(Dataset section Opens)

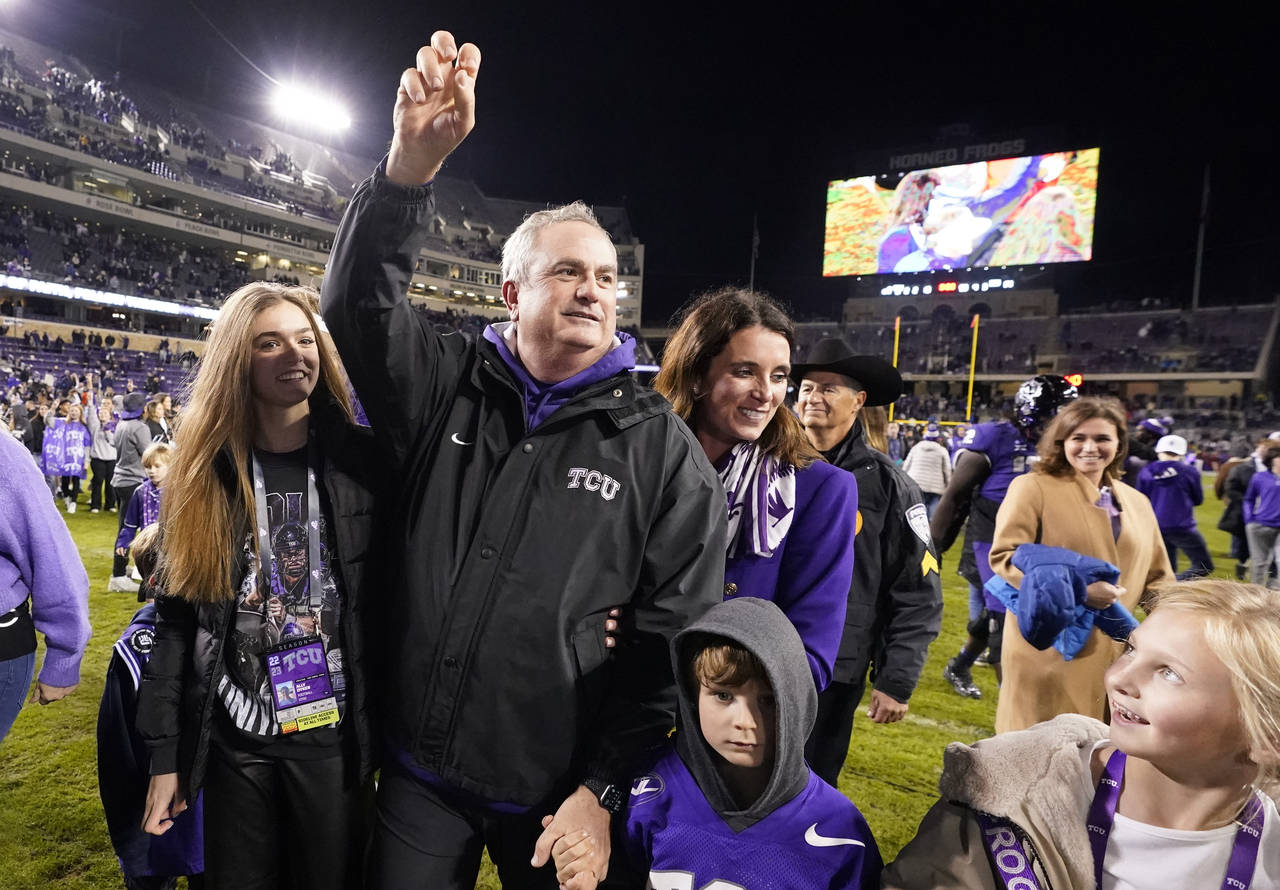 FILE - TCU head coach Sonny Dykes walks off the field after an NCAA college football game against I...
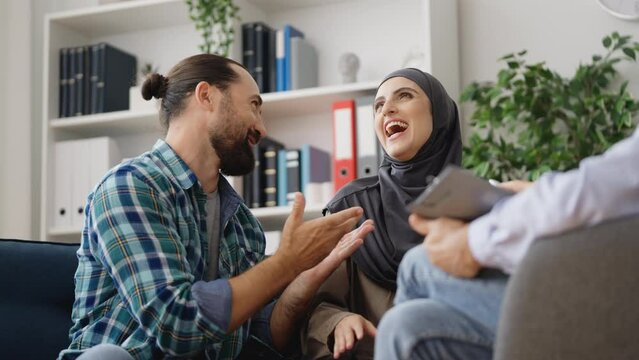 Smiling muslim couple talking during psychotherapist session, couples therapy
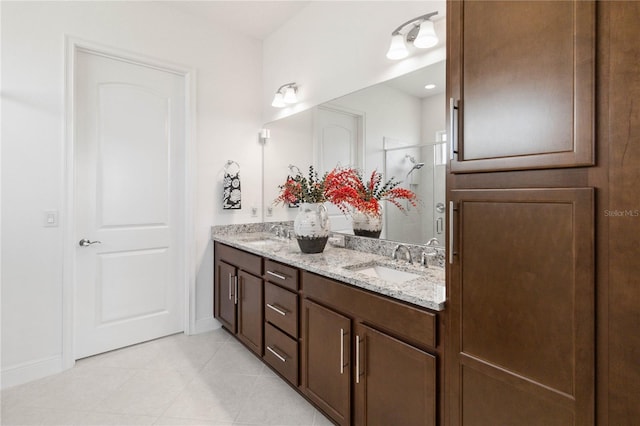 bathroom with dual bowl vanity and tile flooring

(Dataset section Closes)

[About this task] All of the data must be repeated exactly, except for the pictures.

[Answer area]
 FILE - TCU head coach Sonny Dykes walks off the field after an NCAA college football game against I...
 Smiling muslim couple talking during psychotherapist session, couples therapy
 bathroom with dual bowl vanity and tile flooring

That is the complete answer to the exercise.